1. The problem statement, all variables and given/known data
I'm actually in the middle of a multivariable question, and I am stuck because I don't remember how to integrate $$sin(\phi)cos(\phi)$$ .

3. The attempt at a solution
I have an understanding of the material, but I can't remember how to integrate this. Someone please refresh my memory :) . I would appreciate some kind of step by step integration, so if this was on the test I would understand how to do it.

2. Nov 3, 2007

### Antineutron

What is the derivative of sin?
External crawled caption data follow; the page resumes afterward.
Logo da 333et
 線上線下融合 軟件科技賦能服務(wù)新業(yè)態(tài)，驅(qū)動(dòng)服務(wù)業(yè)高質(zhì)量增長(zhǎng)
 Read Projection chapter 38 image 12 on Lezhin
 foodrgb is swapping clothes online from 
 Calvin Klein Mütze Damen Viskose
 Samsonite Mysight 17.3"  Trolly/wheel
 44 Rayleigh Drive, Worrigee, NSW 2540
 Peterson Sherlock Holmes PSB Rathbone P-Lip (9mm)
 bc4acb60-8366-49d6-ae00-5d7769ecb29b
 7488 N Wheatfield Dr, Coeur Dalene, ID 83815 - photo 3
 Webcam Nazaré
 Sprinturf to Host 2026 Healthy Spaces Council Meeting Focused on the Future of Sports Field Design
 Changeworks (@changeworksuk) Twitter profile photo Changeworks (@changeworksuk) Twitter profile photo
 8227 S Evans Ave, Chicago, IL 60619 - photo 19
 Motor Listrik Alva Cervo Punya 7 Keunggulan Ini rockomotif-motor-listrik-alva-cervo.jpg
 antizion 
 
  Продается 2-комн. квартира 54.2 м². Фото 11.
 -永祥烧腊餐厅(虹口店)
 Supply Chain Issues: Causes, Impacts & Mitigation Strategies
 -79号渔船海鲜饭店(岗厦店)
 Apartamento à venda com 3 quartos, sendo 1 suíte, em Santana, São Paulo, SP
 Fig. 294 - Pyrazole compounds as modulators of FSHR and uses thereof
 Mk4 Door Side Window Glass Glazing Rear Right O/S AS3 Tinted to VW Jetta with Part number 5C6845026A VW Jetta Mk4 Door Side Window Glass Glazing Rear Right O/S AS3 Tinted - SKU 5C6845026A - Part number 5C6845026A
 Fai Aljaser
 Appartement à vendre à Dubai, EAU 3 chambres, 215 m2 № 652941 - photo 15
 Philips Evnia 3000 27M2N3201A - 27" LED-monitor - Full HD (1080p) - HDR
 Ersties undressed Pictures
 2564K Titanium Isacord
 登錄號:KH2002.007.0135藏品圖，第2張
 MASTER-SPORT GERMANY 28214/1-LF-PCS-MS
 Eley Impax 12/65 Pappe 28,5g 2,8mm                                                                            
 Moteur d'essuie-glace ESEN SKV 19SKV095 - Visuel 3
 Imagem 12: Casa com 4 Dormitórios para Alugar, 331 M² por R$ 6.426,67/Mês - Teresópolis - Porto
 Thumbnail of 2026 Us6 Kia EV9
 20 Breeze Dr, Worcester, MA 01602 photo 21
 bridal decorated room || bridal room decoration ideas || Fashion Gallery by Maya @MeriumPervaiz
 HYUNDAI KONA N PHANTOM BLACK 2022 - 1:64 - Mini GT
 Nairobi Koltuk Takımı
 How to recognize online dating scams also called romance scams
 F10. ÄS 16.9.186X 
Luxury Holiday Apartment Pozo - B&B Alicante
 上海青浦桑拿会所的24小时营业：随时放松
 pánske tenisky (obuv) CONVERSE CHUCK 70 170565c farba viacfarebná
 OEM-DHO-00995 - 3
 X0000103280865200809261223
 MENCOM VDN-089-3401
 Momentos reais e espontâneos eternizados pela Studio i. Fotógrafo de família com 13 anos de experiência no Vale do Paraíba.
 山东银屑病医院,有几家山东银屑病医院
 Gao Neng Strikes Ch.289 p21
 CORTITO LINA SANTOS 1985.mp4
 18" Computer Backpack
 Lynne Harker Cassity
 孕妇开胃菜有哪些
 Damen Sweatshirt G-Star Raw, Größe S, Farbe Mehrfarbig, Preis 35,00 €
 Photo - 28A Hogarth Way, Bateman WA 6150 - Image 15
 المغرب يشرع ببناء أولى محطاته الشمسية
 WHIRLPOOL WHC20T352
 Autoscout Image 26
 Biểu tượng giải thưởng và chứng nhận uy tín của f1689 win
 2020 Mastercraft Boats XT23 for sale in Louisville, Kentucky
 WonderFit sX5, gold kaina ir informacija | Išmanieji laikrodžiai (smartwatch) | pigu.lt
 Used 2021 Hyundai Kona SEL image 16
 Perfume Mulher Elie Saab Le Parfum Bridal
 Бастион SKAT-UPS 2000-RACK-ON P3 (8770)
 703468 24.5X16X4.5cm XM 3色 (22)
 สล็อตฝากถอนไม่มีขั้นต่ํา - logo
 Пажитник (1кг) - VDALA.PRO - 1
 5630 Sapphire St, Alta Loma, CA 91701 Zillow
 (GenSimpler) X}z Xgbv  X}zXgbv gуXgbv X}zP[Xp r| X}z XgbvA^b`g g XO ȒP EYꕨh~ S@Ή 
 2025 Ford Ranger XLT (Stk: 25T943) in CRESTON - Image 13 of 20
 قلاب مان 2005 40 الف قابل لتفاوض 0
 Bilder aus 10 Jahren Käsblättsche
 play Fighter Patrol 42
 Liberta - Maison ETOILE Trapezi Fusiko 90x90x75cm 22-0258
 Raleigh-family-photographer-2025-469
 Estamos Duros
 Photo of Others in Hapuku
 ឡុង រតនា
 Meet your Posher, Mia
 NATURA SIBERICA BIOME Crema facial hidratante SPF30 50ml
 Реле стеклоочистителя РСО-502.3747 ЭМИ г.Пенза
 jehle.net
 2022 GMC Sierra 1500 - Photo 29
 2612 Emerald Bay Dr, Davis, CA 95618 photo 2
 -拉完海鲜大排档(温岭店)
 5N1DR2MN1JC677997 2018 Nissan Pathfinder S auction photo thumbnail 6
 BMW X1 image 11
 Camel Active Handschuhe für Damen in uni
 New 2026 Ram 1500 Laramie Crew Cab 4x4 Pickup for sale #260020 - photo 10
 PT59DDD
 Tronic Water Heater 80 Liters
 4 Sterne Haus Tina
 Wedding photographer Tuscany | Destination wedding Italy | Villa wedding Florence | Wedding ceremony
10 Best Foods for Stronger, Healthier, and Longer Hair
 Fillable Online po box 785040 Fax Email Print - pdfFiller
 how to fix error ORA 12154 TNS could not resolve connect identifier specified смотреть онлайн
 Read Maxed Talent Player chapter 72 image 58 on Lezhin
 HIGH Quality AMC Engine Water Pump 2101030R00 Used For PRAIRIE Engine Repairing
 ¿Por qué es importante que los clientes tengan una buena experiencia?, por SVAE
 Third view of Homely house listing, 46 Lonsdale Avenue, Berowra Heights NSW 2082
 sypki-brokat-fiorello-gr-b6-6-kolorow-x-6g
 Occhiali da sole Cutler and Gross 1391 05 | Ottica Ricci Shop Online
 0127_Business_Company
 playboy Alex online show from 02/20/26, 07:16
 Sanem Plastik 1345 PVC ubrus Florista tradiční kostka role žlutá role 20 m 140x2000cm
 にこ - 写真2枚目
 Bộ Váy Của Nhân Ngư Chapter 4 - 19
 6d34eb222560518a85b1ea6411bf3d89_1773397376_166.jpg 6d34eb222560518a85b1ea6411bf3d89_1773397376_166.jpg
Do you remember substitutions?

3. Nov 3, 2007

### jedjj

The derivative of sin(x) is cos(x), and I do remember substitutions, but I dont know what to substitute, because I can't remember any identities for sin or cos with a power of 1.

4. Nov 3, 2007

### Antineutron

Do you remember substituting for U then finding the dU, which is the derivative of the U, then making substitutions to the original integral to change the integral interms of the variable U? Make U=sin(x), then what is dU?

5. Nov 3, 2007

### jedjj

That is so weird. I didnt even think about that. Can you explain why that works, but the integral of sin(x) by itself is -cos(x)? (if your answer is 'it just is' that is perfectly fine). I thought of u substitution--I was thinking that it wouldn't work.

6. Nov 3, 2007

### rocomath

maybe this will make it easier

$$sin{2x}=2sin{x}cos{x}$$

$$\int\sin{x}cos{x}dx$$

so

$$\frac{1}{2}\int\sin{2x}dx$$

7. Nov 3, 2007

### Antineutron

messed up with my latex, still trying to get the hang of it.

Last edited: Nov 3, 2007
8. Nov 3, 2007

### Antineutron

Let U=sinx

then, dU=cosxdx

so if you substitute thes identities to the original equation:
$$\int$$UdU

Can you integrate that? Then sub it back in with the same identities after you integrate

9. Nov 3, 2007

### cristo

Staff Emeritus
I think rocophysic's method is simpler, since it does not involve any substitutions.